I don't like this method.
What we use on 229, (and many other teams have used, with great success) is simply matching the free speeds of the motors. This means, that if the robot is opperating under a no-load condition, both motors will be spinning the same speed. Will this ever happen: No! But... it works out pretty well. Essentially you get a nice balance of torque output from each motor at all different load conditions. It's not perfect, but it works well.

We also couple this with a 2-speed shifter. This allows the designer to provide 2 different torque output conditions, depending on torque loading. (Need to tow a goal? Just downshift!)

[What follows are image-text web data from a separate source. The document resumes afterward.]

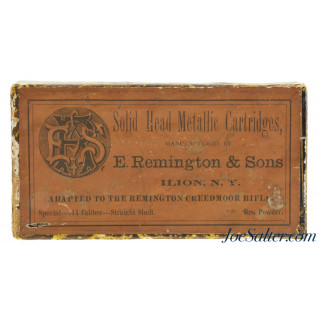 Rare E. Remington & Sons 44 Remington Straight Creedmoor Rifle Ammo 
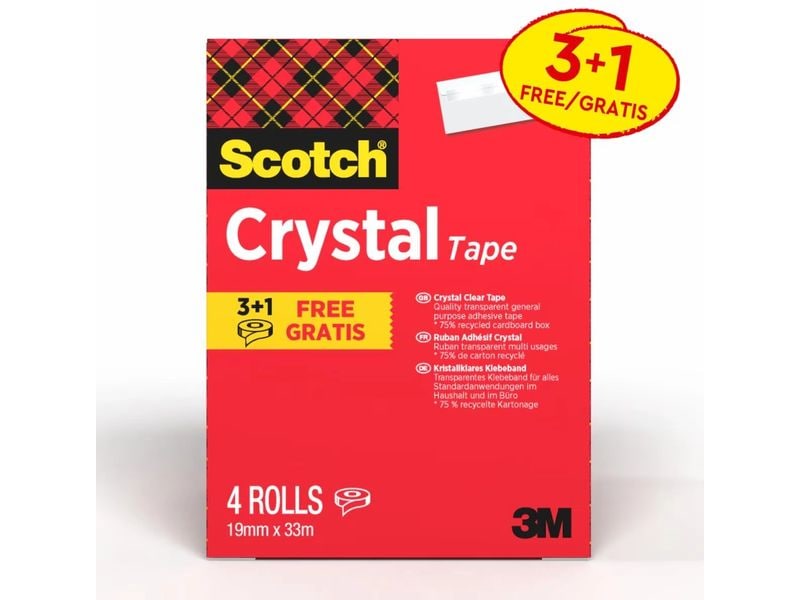 [2183814] Scotch Crystal Clear 19 mm x 33 m, Transparent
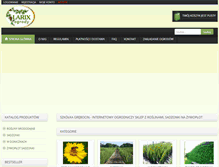 Tablet Screenshot of larixogrody.pl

*shrug* This is all a matter of preference. There has actually been quite a bit of debate on this subject within the past year (Tytus' differential combiner concept). I think for now we'll stick with matching free-speed, simply because it's easy, and it works well enough for our applications.

Good luck,

John

PS - As always, for more information about the theory and physics involved in this stuff, look for other posts on this forum (There are plenty!), contact your friendly neighborhood FIRST mentor/enginerd. (Or drop me an IM.)

[JVN]

Quote:

Originally Posted by Matt Adams

This is incorrect.

Atwood at normal load (from 2003 spec sheet) is 4378 RPM.
Free speed is 5,500.

Free speed on Bosch is 19,670 RPM as Sarah stated for normal load speed.

Just wanted to make sure that the right data is out there.

Check it out here:
http://www.usfirst.org/robotics/2003/specsheets.htm


Matt

Advice to the rookies:
Don't sweat the numbers TOO much... (you still need to calculate!)
These values vary so much from motor to motor, and the specs aren't 100% accurate anyways...
Using a free speed of ~5,500 for the Chip, and ~20,000 for the Bosch is fine. Any more detail than that and you're wasting your time. (Motor performance will change over time as well).

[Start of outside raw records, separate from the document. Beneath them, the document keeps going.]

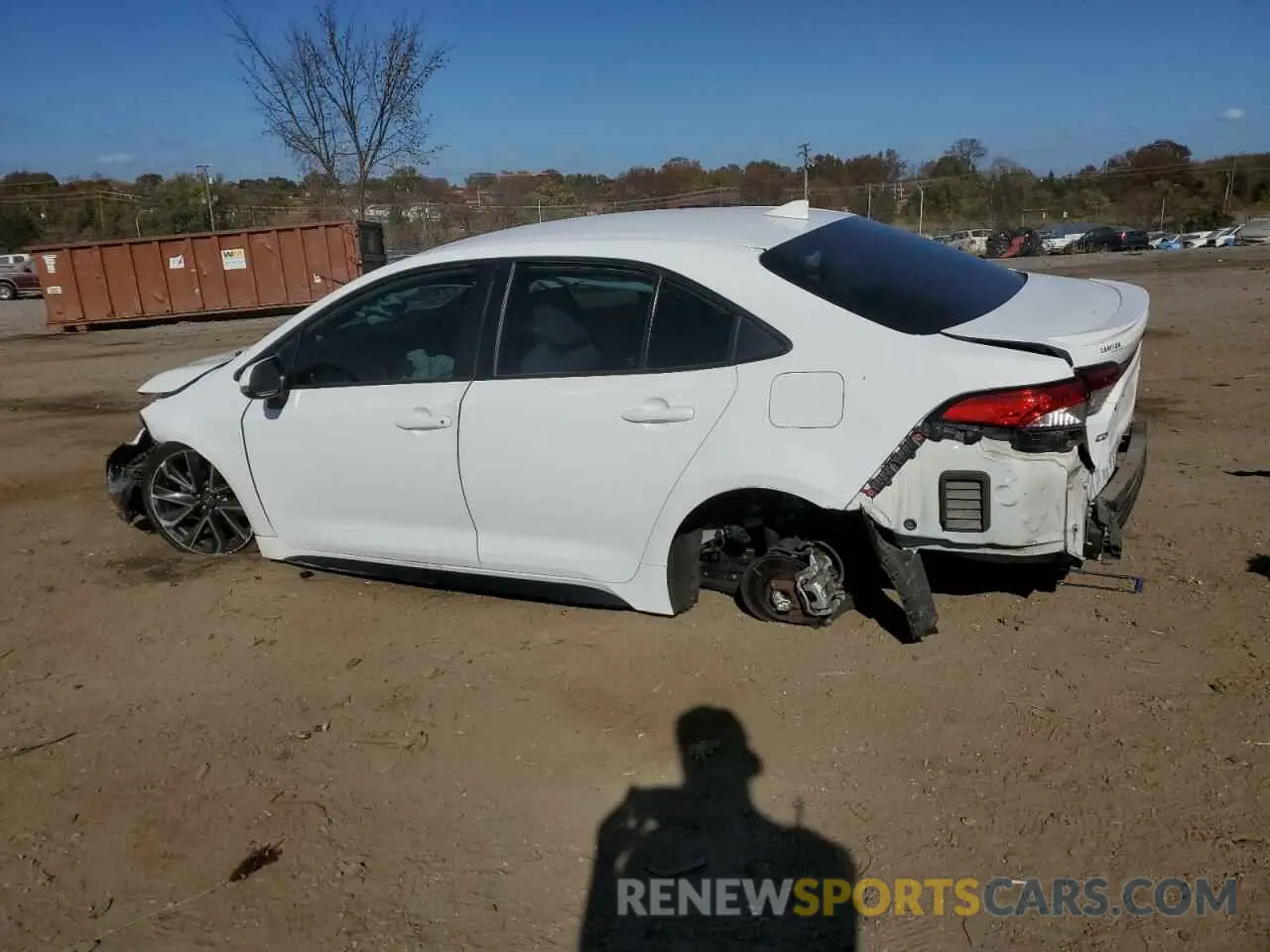 2 Photograph of a damaged car 5YFS4RCEXLP048821 TOYOTA COROLLA 2020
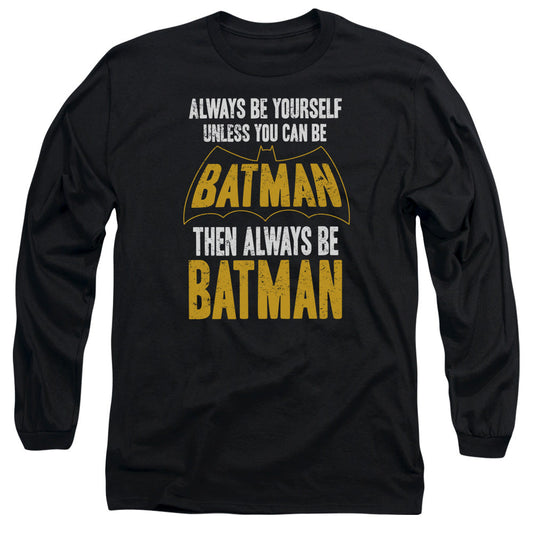 Batman Be Batman Mens Long Sleeve Shirt Black Officially Licensed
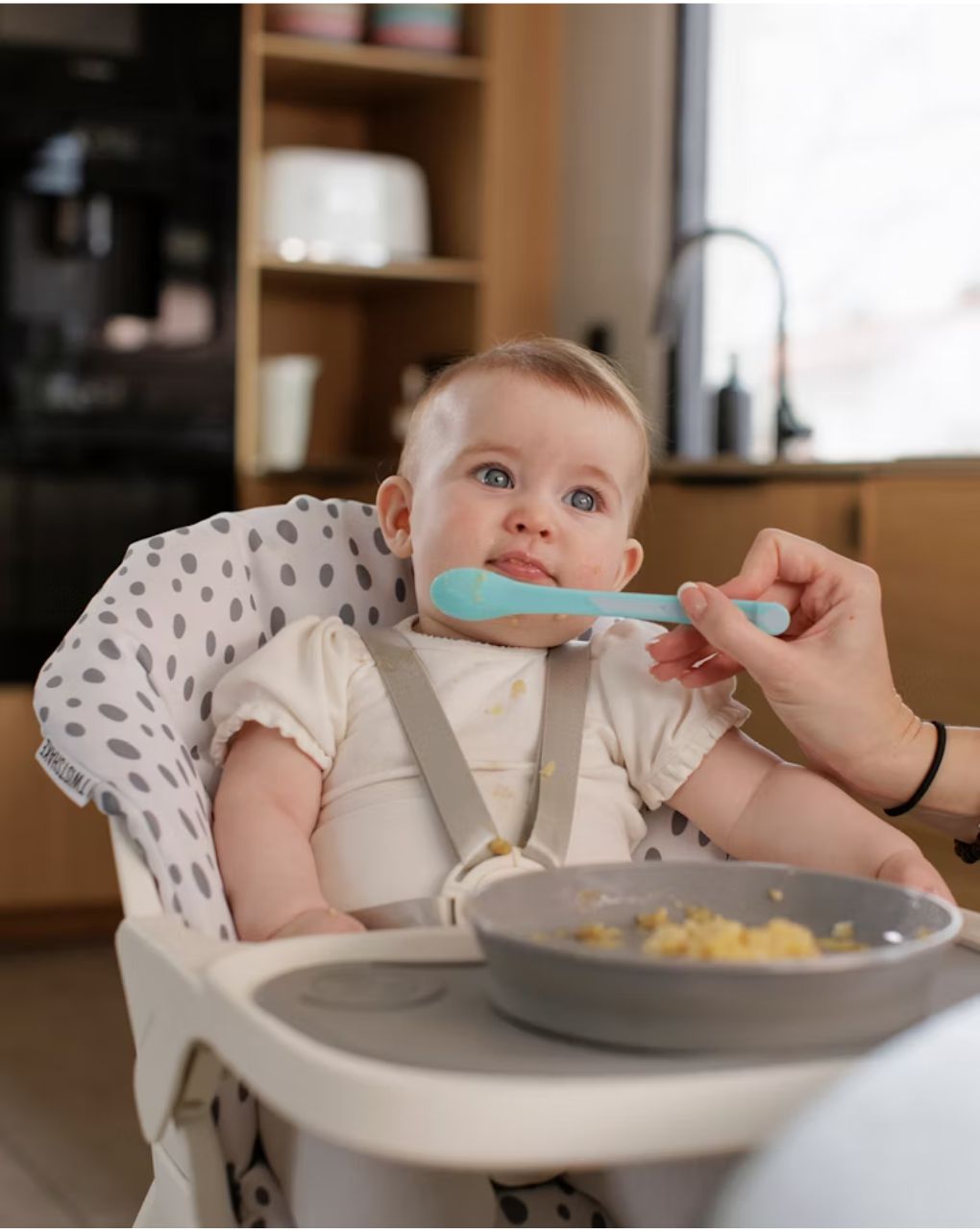 Twistshake σουπλά click-mat mini & πιάτο 6m+ pastel grey 32-08-78442 - Twistshake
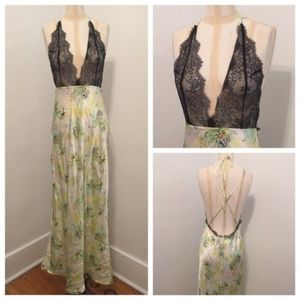 Victoria's Secret Fantasy Island Silk Lace Gown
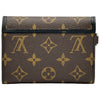 ルイ・ヴィトン LOUIS VUITTON ポルトフォイユ・コンパクト M60167 ブラウン モノグラム・マカサー メンズ 三つ折り財布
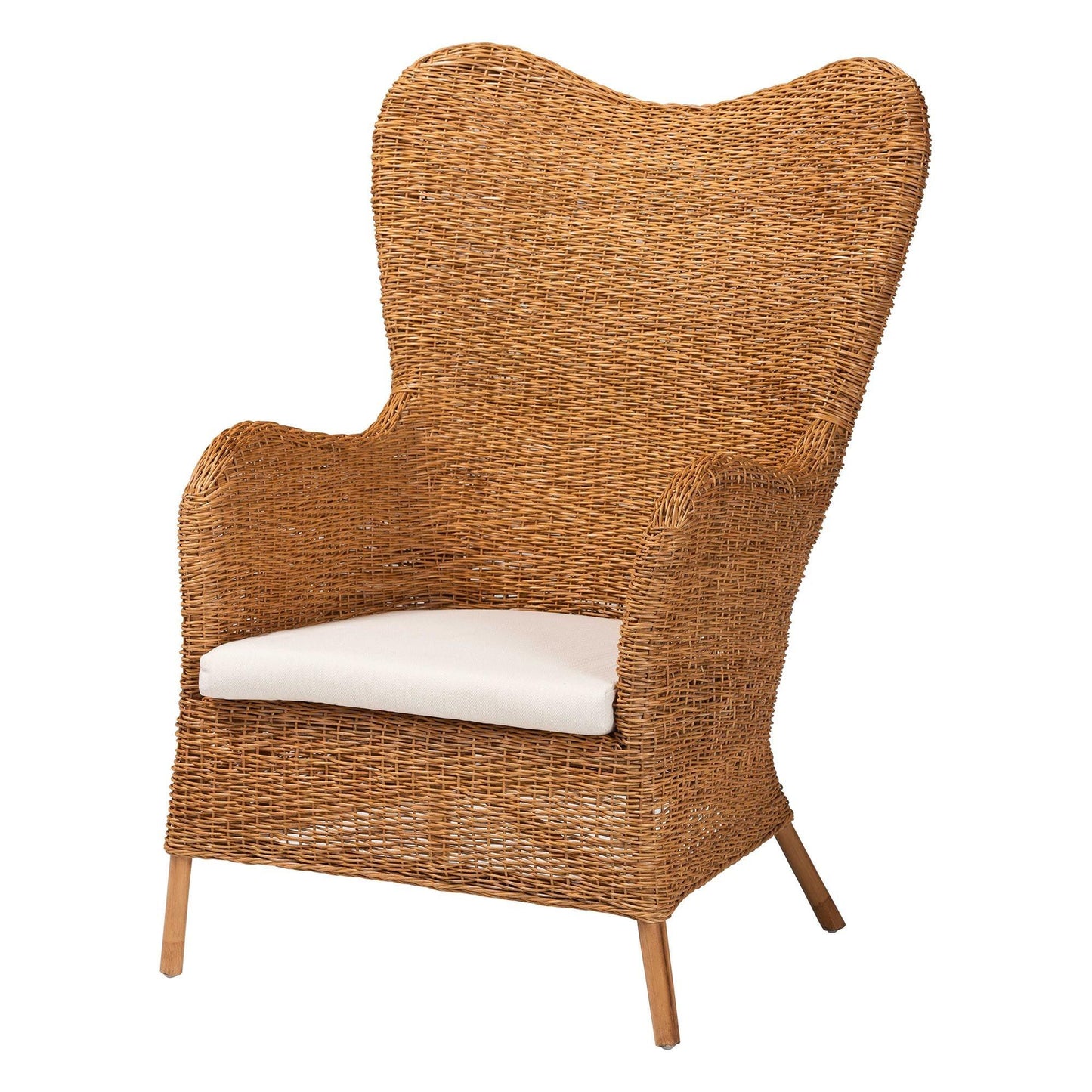 bali & pari Terra Bohemian Light Honey Rattan Arm Chair FredCo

Don't believe me? Perform some tests... you'll be surprised by what you find.

If you get a 90% speed match between combined motors, you're probably doing okay.

[Matt Adams]

Quote:

Originally Posted by JVN

Advice to the rookies:
Don't sweat the numbers TOO much... (you still need to calculate!)
These values vary so much from motor to motor, and the specs aren't 100% accurate anyways...
Using a free speed of ~5,500 for the Chip, and ~20,000 for the Bosch is fine. Any more detail than that and you're wasting your time. (Motor performance will change over time as well).

Don't believe me? Perform some tests... you'll be surprised by what you find.

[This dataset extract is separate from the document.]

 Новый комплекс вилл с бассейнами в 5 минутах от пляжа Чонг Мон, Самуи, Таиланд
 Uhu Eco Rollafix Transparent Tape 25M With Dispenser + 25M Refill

If you get a 90% speed match between combined motors, you're probably doing okay.

John is right on.

I just wanted to make sure that the right information is out there. You gotta be close, but it helps to start with the most accurate numbers available.

Matt

[Rob Colatutto]

In regards to the speeds on the new Bosch motor, the spec sheet on the FIRST site gives the numbers at 11v, not 12v or 13.2v when the battery is fully charged. So the 19670 works as a normal load speed at 12v. As for the Atwood speed that was my bad, I posted under her name and I didn't have my papers handy, thanks for catching it.

[K.Shaw]

thanx alot guys! all this info i feel so luved as for the fighting and arguing calm down lol anyway keep up the info this is really helping alot!

[Joe Johnson]

Quote:

Originally Posted by Matt Adams

Now with the above illustration.. don't think of motors as people rowing a boat, where if one is rowing harder the boat will turn. Think of the motors as a bicycle with two riders. If one works harder, that's fine. But if someone's legs just can't physically move fast enough, it's bad news![/font]


Matt[/color]

I generally agree with what Matt has to say, but I want to point out that the free speed of a motor is not like the speed of sound in which there is some major discontinuity in the behaviour of the motor. A motor does not have an opinion about what speed it spins at. In particular, it has not qualms about going faster than its free speed.

What I think folks need to keep in mind is that the speed/torque line does not end at the Y-intercept, nor the X-intercept. If you couple 2 motors together, they are going to run with some (fixed) relationship between their speeds. SO... at each given speed, the torques are going to ADD. They add even if you are opperating at a speed higher than the free speed -- BUT, the motor running faster than its free speed is providing NEGATIVE torque at that point.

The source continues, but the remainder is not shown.